◆ Exercise instructions
Restate exactly, and only, the lines from the one containing "Galla Placidia, Kaiserin" through the end of the entries, keeping both endpoints.

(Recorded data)
BEGIN

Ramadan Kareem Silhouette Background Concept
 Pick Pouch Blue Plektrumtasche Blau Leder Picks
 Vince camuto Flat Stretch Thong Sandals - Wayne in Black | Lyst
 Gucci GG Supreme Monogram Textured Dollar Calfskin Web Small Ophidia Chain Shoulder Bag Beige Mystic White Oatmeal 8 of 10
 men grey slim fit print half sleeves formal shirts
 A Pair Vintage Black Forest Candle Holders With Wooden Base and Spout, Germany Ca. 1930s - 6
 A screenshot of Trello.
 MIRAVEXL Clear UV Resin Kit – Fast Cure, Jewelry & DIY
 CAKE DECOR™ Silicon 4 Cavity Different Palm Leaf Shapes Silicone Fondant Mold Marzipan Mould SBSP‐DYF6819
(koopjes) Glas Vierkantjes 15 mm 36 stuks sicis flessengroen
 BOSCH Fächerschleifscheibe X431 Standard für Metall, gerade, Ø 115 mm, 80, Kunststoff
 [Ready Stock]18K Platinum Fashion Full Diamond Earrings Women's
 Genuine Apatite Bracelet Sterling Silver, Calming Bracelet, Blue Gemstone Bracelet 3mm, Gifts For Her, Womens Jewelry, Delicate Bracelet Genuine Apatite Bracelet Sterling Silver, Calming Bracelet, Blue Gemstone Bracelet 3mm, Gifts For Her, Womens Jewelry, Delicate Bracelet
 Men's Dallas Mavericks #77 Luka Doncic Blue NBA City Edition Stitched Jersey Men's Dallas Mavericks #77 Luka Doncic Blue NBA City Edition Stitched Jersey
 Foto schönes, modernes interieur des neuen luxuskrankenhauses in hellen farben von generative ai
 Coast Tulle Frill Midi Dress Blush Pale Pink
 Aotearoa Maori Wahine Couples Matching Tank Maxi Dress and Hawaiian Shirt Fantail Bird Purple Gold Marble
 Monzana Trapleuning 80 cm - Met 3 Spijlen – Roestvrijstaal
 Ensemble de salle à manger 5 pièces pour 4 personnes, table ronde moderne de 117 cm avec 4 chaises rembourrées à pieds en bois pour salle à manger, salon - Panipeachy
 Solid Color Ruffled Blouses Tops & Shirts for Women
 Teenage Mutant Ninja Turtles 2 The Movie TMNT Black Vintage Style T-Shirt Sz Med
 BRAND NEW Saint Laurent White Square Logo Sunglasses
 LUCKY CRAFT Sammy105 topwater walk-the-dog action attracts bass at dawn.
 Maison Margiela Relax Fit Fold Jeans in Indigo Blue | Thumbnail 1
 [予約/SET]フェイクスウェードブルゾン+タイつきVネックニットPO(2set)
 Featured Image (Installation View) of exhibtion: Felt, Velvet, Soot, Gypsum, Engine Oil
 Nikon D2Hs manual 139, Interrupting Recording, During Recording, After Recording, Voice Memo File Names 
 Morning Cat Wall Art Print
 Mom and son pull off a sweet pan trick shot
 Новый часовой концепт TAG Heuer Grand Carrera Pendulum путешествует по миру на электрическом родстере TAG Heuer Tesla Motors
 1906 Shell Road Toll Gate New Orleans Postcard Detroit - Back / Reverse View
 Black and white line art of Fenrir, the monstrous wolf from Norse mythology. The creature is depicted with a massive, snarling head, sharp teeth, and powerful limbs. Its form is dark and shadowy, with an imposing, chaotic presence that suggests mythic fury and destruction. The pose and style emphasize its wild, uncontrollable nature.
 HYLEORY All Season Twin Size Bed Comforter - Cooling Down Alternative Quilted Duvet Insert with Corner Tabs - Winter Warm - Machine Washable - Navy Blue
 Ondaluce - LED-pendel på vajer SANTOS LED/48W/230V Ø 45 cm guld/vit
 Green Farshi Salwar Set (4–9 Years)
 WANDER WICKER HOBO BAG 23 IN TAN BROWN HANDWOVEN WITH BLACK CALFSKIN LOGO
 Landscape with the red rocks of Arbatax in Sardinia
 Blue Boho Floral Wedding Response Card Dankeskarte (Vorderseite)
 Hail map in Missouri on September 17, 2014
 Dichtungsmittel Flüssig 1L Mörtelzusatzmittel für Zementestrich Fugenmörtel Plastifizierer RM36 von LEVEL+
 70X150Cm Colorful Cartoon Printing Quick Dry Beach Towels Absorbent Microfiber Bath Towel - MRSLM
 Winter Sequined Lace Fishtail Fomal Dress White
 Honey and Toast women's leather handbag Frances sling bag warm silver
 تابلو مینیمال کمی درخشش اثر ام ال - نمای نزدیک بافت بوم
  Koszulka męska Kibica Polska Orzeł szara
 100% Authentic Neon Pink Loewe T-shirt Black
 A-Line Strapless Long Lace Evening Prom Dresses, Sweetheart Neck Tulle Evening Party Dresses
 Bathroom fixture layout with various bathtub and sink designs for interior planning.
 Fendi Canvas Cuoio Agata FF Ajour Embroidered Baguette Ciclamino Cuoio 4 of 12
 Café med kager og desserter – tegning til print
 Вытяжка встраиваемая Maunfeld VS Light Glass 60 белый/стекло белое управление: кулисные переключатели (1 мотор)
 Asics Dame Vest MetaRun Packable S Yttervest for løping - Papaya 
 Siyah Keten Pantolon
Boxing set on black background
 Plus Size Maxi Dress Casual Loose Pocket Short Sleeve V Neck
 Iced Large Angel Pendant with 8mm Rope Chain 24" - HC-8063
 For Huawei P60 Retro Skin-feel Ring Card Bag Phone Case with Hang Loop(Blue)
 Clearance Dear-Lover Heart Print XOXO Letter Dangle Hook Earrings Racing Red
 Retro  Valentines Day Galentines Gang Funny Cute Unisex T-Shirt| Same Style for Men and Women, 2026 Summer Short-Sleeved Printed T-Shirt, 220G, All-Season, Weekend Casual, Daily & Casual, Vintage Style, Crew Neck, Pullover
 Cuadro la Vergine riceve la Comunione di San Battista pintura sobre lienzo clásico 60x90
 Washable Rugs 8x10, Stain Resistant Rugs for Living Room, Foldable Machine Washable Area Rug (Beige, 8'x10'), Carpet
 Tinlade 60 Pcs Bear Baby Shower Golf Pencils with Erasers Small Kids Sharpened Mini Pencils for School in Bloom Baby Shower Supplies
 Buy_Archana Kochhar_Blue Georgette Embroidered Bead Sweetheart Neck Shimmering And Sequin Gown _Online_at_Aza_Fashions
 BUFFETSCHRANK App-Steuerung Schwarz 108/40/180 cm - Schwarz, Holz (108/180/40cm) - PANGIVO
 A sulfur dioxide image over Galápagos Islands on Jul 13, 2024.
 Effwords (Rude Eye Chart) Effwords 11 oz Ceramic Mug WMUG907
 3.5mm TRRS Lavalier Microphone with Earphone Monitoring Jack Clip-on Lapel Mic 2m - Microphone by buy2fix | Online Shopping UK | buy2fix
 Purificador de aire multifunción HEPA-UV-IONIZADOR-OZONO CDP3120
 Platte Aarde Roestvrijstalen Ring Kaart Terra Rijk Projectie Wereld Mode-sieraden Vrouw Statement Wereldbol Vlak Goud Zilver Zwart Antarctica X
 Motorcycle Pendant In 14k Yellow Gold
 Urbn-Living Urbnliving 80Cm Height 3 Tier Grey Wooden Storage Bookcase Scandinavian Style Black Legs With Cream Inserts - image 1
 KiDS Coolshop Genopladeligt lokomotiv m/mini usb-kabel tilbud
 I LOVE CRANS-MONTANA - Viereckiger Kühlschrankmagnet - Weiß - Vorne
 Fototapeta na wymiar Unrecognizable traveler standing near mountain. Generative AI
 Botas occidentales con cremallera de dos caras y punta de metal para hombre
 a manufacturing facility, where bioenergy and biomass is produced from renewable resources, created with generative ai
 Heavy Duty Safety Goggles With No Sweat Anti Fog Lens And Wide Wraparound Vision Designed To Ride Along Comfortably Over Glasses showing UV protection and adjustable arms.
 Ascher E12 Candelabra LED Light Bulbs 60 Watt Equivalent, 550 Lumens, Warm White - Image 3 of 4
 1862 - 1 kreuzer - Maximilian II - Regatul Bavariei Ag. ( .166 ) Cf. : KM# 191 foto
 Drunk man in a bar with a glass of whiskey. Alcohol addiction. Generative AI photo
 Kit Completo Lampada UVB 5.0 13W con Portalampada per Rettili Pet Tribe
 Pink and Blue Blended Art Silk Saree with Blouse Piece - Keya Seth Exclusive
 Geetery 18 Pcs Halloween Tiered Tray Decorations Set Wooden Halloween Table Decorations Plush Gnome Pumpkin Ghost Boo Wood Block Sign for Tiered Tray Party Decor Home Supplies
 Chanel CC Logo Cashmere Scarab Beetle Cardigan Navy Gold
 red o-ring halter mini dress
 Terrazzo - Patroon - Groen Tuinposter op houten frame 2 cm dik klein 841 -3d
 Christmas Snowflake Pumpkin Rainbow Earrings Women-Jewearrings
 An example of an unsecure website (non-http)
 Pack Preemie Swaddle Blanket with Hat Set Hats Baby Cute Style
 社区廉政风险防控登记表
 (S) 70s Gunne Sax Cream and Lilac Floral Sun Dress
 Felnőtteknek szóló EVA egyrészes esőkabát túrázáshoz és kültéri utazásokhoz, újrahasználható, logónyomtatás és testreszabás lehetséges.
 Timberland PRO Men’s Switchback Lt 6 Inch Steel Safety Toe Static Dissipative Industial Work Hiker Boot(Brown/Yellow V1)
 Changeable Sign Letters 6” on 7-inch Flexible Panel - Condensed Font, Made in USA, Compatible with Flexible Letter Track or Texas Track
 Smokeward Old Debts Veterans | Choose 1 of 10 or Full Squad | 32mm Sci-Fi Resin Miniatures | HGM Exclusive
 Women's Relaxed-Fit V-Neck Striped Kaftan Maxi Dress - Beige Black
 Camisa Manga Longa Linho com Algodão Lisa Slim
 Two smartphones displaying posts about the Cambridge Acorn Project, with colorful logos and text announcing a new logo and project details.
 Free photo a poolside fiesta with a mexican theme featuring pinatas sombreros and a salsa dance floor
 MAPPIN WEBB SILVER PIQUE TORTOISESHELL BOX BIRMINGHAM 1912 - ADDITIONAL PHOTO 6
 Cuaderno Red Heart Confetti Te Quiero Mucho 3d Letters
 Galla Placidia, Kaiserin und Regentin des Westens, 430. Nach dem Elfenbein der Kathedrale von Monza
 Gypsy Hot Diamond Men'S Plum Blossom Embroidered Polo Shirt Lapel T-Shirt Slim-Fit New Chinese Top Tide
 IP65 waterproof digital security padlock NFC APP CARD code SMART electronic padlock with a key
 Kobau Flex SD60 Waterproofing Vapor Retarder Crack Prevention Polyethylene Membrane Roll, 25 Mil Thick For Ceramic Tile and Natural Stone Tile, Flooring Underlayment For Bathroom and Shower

END

◆ Answer box
 Galla Placidia, Kaiserin und Regentin des Westens, 430. Nach dem Elfenbein der Kathedrale von Monza
 Gypsy Hot Diamond Men'S Plum Blossom Embroidered Polo Shirt Lapel T-Shirt Slim-Fit New Chinese Top Tide
 IP65 waterproof digital security padlock NFC APP CARD code SMART electronic padlock with a key
 Kobau Flex SD60 Waterproofing Vapor Retarder Crack Prevention Polyethylene Membrane Roll, 25 Mil Thick For Ceramic Tile and Natural Stone Tile, Flooring Underlayment For Bathroom and Shower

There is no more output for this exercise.